Facebook 2021年9月20日 『河川の歴史と未来』一気によみあげました

『河川の歴史と未来』、「人と生態系のダイナミクス」の第5巻として出版。今日届いた、その場で読み始めて、他の仕事をほっぽりだして、一気によみあげました(微笑)。すばらしい!私のようなテーマをもつ人間には待望の書です。著者の皆さんのご尽力、特に編集の西廣さん、宮下さんに感謝です。9月20日。
1980年代初頭、「湖と人のかかわりを研究しています」というと、「何学ですか?」ときかれる。「環境と人間社会の関係学」ですと応えるしかなかった。自然の仕組みを掘り下げながら、そこに人間社会がどうかかわってきたのか?そんな自然科学と社会・人文科学をつなぐ文理連携の相互作用の仕組みを解き明かし、社会に伝え、生き物と人が仲良くできるような現場政策に活かしていく。そんな方にはぴったりの入門書です。
私なりのおすすめ理由は3点です。
まず一点目、140頁ほどのコンパクトな書でありながら、①「河川生態学入門」、②古代から現代までの「河川と人の関係史」、③「河川と人の新しい関係」という、まさに文理連携の幅広い領域を、『古事記』に出てくる斐伊川から、イギリス生態学の最新の学問成果まで、さらに現場の政策実装までふくめて、欲張りテーマでありながら、わかりやすい。
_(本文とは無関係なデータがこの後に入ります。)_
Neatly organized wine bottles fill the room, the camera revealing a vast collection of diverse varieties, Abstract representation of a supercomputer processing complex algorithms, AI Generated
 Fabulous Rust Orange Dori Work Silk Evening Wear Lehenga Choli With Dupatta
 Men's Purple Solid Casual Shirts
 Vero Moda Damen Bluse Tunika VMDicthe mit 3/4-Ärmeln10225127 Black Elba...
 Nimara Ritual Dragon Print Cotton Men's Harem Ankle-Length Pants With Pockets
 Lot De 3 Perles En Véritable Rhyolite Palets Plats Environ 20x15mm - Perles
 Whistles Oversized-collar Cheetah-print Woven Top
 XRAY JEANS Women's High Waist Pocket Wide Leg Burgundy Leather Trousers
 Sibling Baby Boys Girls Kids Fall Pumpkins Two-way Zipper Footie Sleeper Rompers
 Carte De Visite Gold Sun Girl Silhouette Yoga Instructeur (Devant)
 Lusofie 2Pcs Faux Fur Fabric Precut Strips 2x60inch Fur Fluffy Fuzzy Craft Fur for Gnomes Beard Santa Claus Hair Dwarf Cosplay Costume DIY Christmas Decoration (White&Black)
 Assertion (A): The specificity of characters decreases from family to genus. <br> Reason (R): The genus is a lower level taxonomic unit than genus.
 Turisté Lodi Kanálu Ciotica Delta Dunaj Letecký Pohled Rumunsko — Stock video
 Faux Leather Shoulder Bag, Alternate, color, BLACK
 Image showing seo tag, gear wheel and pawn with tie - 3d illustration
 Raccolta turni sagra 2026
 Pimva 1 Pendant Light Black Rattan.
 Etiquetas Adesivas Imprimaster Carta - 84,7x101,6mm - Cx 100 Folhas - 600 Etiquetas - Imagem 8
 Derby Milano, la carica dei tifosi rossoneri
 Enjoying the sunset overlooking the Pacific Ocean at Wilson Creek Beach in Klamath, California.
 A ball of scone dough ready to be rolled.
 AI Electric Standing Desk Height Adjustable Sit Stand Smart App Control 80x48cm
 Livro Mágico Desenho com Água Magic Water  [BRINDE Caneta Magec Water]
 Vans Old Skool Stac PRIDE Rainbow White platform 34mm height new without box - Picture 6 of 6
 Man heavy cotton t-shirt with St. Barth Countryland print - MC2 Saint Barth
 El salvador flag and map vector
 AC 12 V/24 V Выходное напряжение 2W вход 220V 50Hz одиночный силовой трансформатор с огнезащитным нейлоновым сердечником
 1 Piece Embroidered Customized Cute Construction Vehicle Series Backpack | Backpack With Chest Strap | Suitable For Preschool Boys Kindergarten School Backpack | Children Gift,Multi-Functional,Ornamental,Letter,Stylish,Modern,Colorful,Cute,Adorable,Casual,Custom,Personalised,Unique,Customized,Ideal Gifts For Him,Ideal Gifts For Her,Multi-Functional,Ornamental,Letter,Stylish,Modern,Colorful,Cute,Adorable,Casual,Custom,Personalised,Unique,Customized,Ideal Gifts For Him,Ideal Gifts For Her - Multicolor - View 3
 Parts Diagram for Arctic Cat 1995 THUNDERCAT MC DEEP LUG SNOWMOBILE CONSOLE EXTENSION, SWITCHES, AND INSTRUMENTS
二点目、なぜわかりやすいのか?多彩な学問的背景をもつ複数の著者の編集本だと、どうしてもそれぞれの分野が細切れになりがちです。この書は、各章や各節やコラムの著者名さえ記されず、全員が全体に責任をもっているようです。いくつもの本を編集してきた経験から、本書は、著者同志の事前の相互理解が深く、また全体編集に一本筋が通されているので、わかりやすいのだと思います。
三点目、川と陸地の接点など、これまでの細分化された研究では見えにくかった論理で、新しい領域に果敢に挑戦。ウナギは陸のミミズをたくさん餌にしてきた。それゆえ河川がコンクリートになるとウナギが栄養失調に!などこれまで知られていなかった新データもありがたいです。私のようなくいしんぼには、ウナギから鮒ずしからザザムシ、食と生物をつないでいただいているのもうれしいです。
西廣淳・瀧健太郎・原田守啓・宮崎佑介・川口洋一・宮下直の6名の主に1970年代生まれの方たちが中心となった著作です。滋賀県が挑戦してきた流域治水や霞堤については、瀧健太郎さんが(多分)コンパクトに紹介してくれています。
こういう教科書で学べる今の学生さん、うらやましい。1990年代の琵琶湖博物館準備室で「水田総合研究」に生態系分野を入れようとした時、当時の生態学の大御所に「水田は人間活動のノイズが大きく生態学の研究対象にはならない」と予算をつけてもらえなかったことをなつかしく思いおこしています。時代の変化を感じます。
春先にたんぼに産卵のために「のっこむ」霞が浦のコイやフナの習性は琵琶湖も同じです。バシャバシャと大きなコイが琵琶湖から、ヨシ帯、田んぼにのっこんでくる姿には、今も心がわきたたされます(微笑)。